Say no to blankets. Some daycare centers ask parents to provide a blanket to use if the air conditioning is set on a cold temperature. Do not bring blankets or allow the daycare center to use blankets with your baby. If the room is cold, dress your baby in one piece coverall sleepwear, or other warm clothing. There is a possibility that the blanket could end up over your baby’s face while he or she is napping and cause suffocation. It only takes a few minutes for a baby to suffocate. There is also a higher risk of SIDS when there are blankets in the crib.
Be careful with baby bibs. If you use bibs because your baby drools or is teething, make sure the bib is not large enough to cover the baby’s nose if it is left on while the baby naps.

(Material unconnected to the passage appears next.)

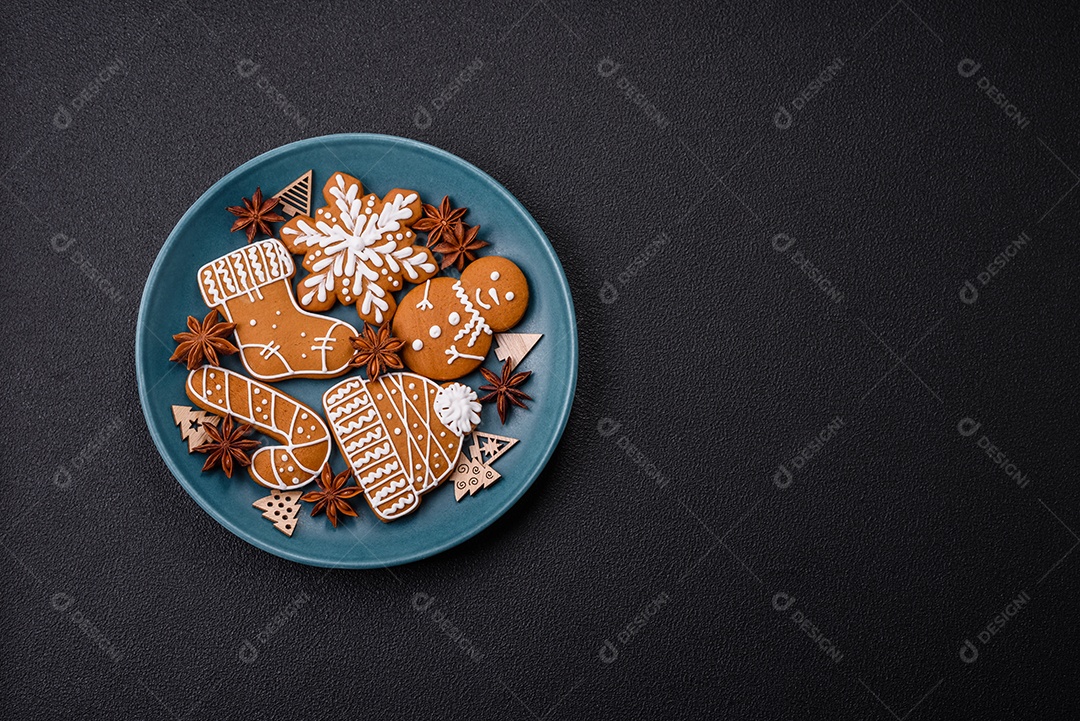 Lindos biscoitos de gengibre de Natal de cores diferentes em uma placa de cerâmica sobre uma mesa de concreto escuro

A daycare worker may forget to remove the bib and it could end up over the baby’s face. If necessary, buy extra small bibs or hem large bibs to make them shorter.
No high chair please. When your baby is not under your supervision, you want to take extra precautions when it comes to safety. Insist that the workers hold your baby in their lap during feeding times. A high chair could easily be knocked over in a busy, crowded daycare and you don’t want your baby to be injured from a fall.
Examine the changing table. Look for a safety or security strap, and protective railing on the changing table. Changing tables are quite high and your baby could be seriously hurt if a fall occurs. Insist that your baby is always secured on the changing table when having her diaper changed.
Make unexpected visits. Plan to make unannounced periodic visits so that you will know for yourself what is going on inside the daycare. Are the workers washing their hands often enough, especially after changing diapers? Do they hold the babies or just let them cry in the cribs? Are they wiping down the changing table and rinsing off toys that have fallen on the floor? You will learn more about your baby’s daycare experience from your surprise visits that from any brochure or conversation that you have with workers.
As a parent, it is your responsibility to ensure your children’s safety in all situations. Follow the above tips and make sure you keep your baby safe in daycare.